THOUSANDS of worshippers flocked yesterday to a controversial holy pig festival in Taiwan which sees the carcasses of giant overfed swine on display, a custom deplored by animal rights campaigners.
The annual ritual, slammed by animal activists, marks the birthday of the Taoist god, Zushi, and is held in a square at the temple in his name in the northern district of Sanhsia.
Pig owners compete to display the largest porker and the winner takes home a trophy.
To a fanfare of traditional music played on gongs and horns, five pigs – killed the night before – were wheeled into the square. The heaviest weighed in at 714kg.

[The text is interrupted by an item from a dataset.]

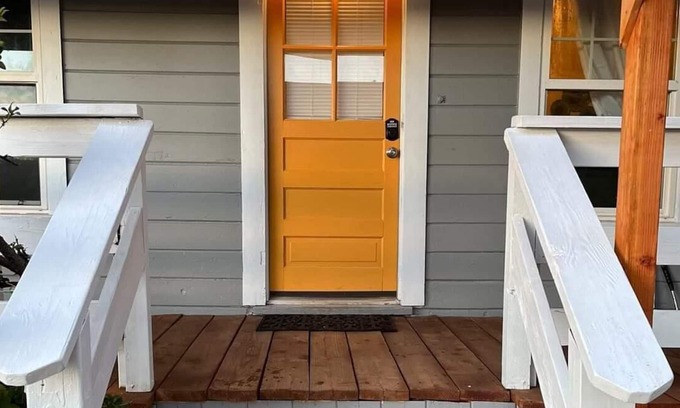 Apple Hill Cabaña | Authentic Cottage In the Heart of Apple Hill & Wine Country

Their bodies, pinned with decorations, were displayed in bright vans and with pineapples stuffed in their mouths.
After the festival, the owners take them and share the meat with family and friends.
Animal activists said the pigs were kept in small enclosures.
“We strongly oppose holy pig contests,” Taiwan environment and animal society head Chu Tseng-hung said.
“Farmers have adopted inhumane methods to force-feed pigs to increase their weight.”
But Lee Kai-jui, a Sanhsia chief and the winner of this year’s contest, said: “Our pig was raised in a normal way. I never overfed it.”
It was the particular breed which made the pig so large and he was proud of it, he said.